Analizza i giochi retorici delle parti e non si incentra nella semplicita' del tutto:
1) sono due razze che si odiano storicamente
2) gli arabi piu' estremisti che governano in molte regioni del MO hanno giurato per l'eliminazione di Israele
3) conseguenza la paura, che fa' 90, di l'un l'altro
4) Scatenamento FORZA MAGGIORE ISRAELIANA (e che i Palestinesi vogliono !! SE NO GLI FINISCONO I CONTRIBUTI DAL MONDO E DAGLI ARABI FONDAMENTALISTI)
5) Palestinesi che piangono perche' l'altro e' piu' forte (cosi' il mondo gli sta' attento)
6) Palestinesi che non si arrendono all'evidenza che c'e' sempre un vincitore e vanno per la Guerriglia METTENDO I LORO CARI DAVANTI PER POTERLA FARE (bestie!)
7) Israele non si fa' infinocchiare e ANCHE SE FA' molta ATTENZIONE con attacchi chirurgici, molti ne subiscono le conseguenze ben per la furbizia Palestinese nel mettere i civili davanti alla loro MILITARIZZAZIONE!! 
8) LA DECISIONE PUO' ESSERE ANCHE NELLA MANI DEI PALESTINESI NEL NON USARE SCUDO OPPURE NEL CERCARE MEDIAZIONE O NO???..COME DETTO NON GLI CONVIENE AI PALESTINESI PERCHE NON RICEVEREBBERO MAI PIU' AIUTI DAL MONDO! che non gli darebbero senza guerra E MORTI DEI LORO CARI con quelle atroci foto !! 
9) il piu' forte ISRAELE non vuole avere un vicino che E' INSTABILE. 
10) il '48 .. le regole dell'ONU .. tutte giustificazioni da burocrati .. IL DATO DI FATTO E" quel che conta.
11)  Andare a mani basse contro un popolo evoluto come quello Israeliano che ha paura di un branco di TERRORISTI lo trovo di una viscidita' da gente che sta' a discutere sulla propria sedia con le paure degli altri.

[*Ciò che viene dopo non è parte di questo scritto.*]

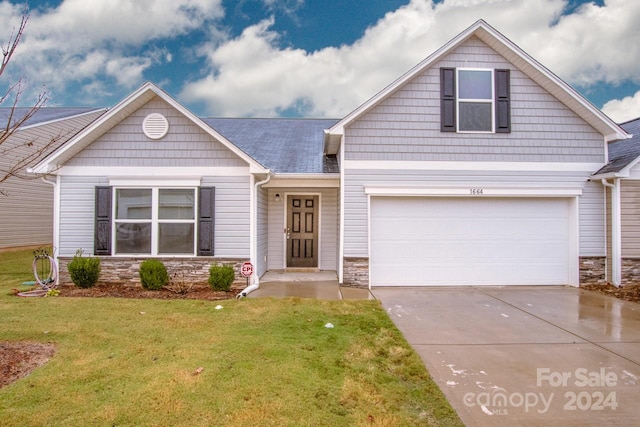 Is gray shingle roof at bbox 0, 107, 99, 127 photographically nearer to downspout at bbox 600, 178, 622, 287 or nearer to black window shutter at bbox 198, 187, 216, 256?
black window shutter at bbox 198, 187, 216, 256

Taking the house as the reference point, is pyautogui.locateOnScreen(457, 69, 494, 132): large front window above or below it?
above

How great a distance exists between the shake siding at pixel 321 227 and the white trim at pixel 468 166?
220cm

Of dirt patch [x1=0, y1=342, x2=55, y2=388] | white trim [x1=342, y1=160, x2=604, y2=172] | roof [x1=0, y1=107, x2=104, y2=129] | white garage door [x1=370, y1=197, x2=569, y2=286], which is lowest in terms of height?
dirt patch [x1=0, y1=342, x2=55, y2=388]

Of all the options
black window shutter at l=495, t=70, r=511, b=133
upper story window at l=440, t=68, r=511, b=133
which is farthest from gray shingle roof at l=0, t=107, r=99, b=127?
black window shutter at l=495, t=70, r=511, b=133

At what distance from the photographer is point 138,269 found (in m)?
8.38

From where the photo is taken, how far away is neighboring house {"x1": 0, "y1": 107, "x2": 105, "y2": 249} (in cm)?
1376

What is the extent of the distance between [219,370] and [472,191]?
695cm

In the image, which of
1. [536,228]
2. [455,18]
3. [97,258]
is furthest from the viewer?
[455,18]

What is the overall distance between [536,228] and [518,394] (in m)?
6.45

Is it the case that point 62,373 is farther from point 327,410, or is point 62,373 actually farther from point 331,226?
point 331,226

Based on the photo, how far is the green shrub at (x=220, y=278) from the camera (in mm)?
7770

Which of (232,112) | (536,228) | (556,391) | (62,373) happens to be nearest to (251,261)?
(62,373)

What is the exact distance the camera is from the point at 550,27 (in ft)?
38.9

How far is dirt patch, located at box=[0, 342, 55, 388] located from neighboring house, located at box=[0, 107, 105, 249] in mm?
10257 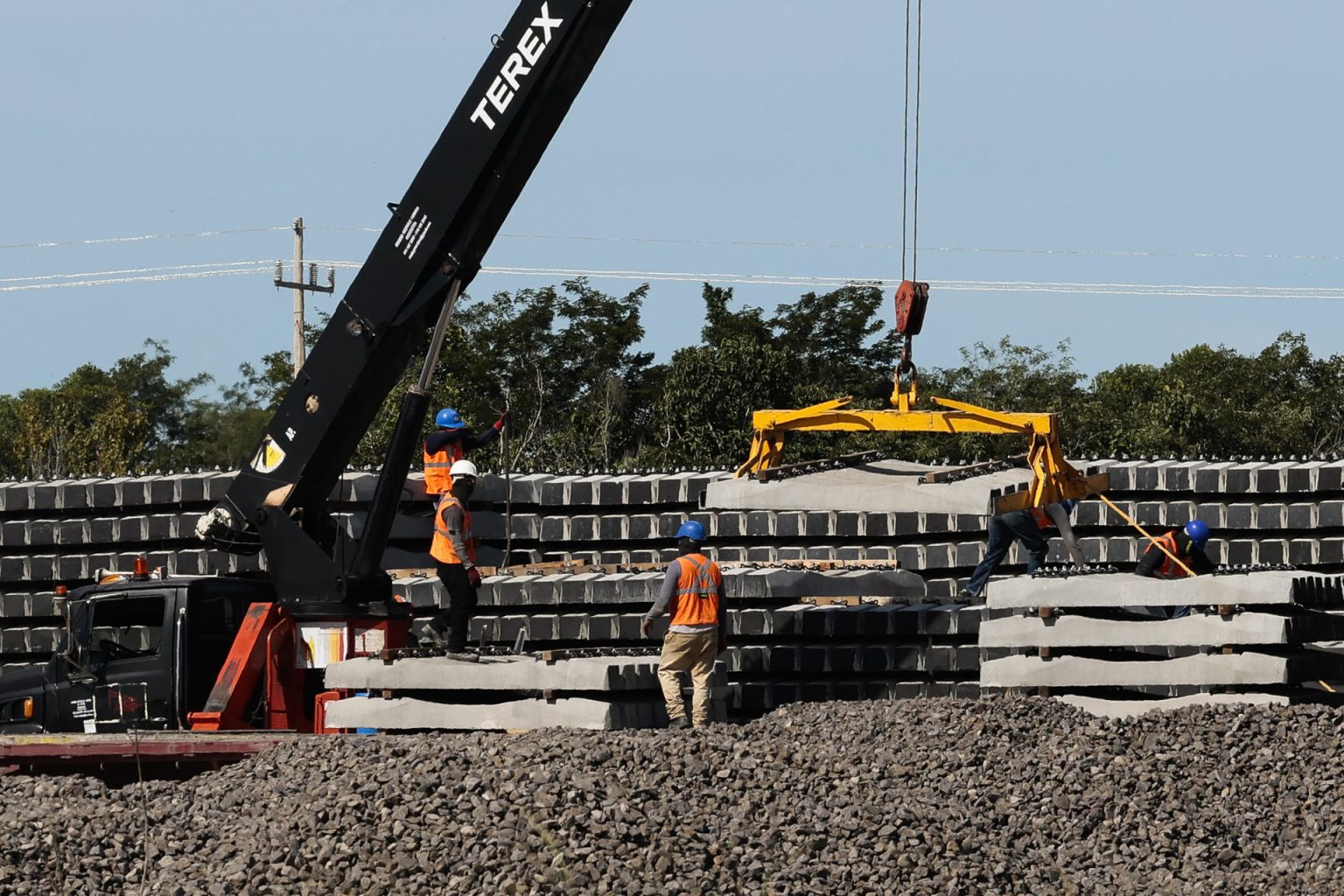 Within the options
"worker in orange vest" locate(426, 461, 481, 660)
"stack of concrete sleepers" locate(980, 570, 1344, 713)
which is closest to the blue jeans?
"stack of concrete sleepers" locate(980, 570, 1344, 713)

Meno male che Z alla fine dice l'unica cosa giusta: Gli arabi non sono per niente garantisti MA NEL LORO FONDAMENTALISMO SI SEPPELLISCONO DA SOLI! (almeno questa e' la mia traduzione del solito politichese che deve accontentare tutti i sinistronsi)    

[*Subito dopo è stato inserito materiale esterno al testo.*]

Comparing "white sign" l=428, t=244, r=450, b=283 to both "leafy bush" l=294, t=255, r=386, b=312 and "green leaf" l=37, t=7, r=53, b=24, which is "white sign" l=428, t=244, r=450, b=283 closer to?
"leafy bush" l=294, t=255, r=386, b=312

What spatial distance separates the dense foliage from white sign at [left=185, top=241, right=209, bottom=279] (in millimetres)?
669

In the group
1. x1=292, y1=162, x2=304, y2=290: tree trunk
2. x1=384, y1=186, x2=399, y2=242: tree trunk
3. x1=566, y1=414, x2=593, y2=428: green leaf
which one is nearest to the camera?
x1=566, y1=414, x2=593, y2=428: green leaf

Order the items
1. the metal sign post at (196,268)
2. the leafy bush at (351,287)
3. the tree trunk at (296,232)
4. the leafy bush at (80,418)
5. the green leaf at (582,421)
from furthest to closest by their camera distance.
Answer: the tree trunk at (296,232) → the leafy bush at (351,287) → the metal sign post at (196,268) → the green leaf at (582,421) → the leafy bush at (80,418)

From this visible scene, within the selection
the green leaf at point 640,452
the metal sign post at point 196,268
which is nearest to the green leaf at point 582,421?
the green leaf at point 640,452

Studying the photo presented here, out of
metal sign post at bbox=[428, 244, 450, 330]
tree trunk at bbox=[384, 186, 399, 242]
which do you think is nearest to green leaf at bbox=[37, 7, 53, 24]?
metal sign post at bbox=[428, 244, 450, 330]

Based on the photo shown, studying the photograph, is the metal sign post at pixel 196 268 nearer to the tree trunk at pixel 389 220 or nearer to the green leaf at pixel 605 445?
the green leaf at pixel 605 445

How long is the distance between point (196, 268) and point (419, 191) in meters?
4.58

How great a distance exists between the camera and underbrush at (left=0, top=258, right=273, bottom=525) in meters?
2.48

Tutto il resto e' marketing della politica!! e basta, cosa che Z fa' da dio!

USATE IL PROPRIO CERVELLO con dati di TUTTE le parti .. ma IL MOVENTE E' SEMPRE LA PRIMA COSA DA TENER PRESENTE !!   which is:
. Che santa polenta (bello vero Oscar@@@!!!) gli interessa agli Israeliani fare una guerra con dei cammellari ????? 
. Una societa' di ELEVATISSIMA capacita' costruttiva (hanno bonificato il 40% del loro territorio DESERTICO!!! ) ma che gli importa di 4 BEDUINI ?????
. DA QUI IL COMPLEMENTO AL TEOREMA CHE E' SOLO L'ALTRA PARTE CHE HA INTERESSE ALLA GUERRA!

GRAZIE OSCAR
MARIINO MARONATI - LOS ANGELES

(NB: vede come ho imparato a parlare bene con la sua soppressione?! e' uguale alla soppressione Israeliana, per niente diversa, ma io obbedisco, invece se fossi stato palestinese siccome li boicotta, la loro mossa da animale sarebbe venire a Washington e farle un bel faccione .. invece NO !!! UNO CHE E' CIVILE ACCETTA LE REGOLE !!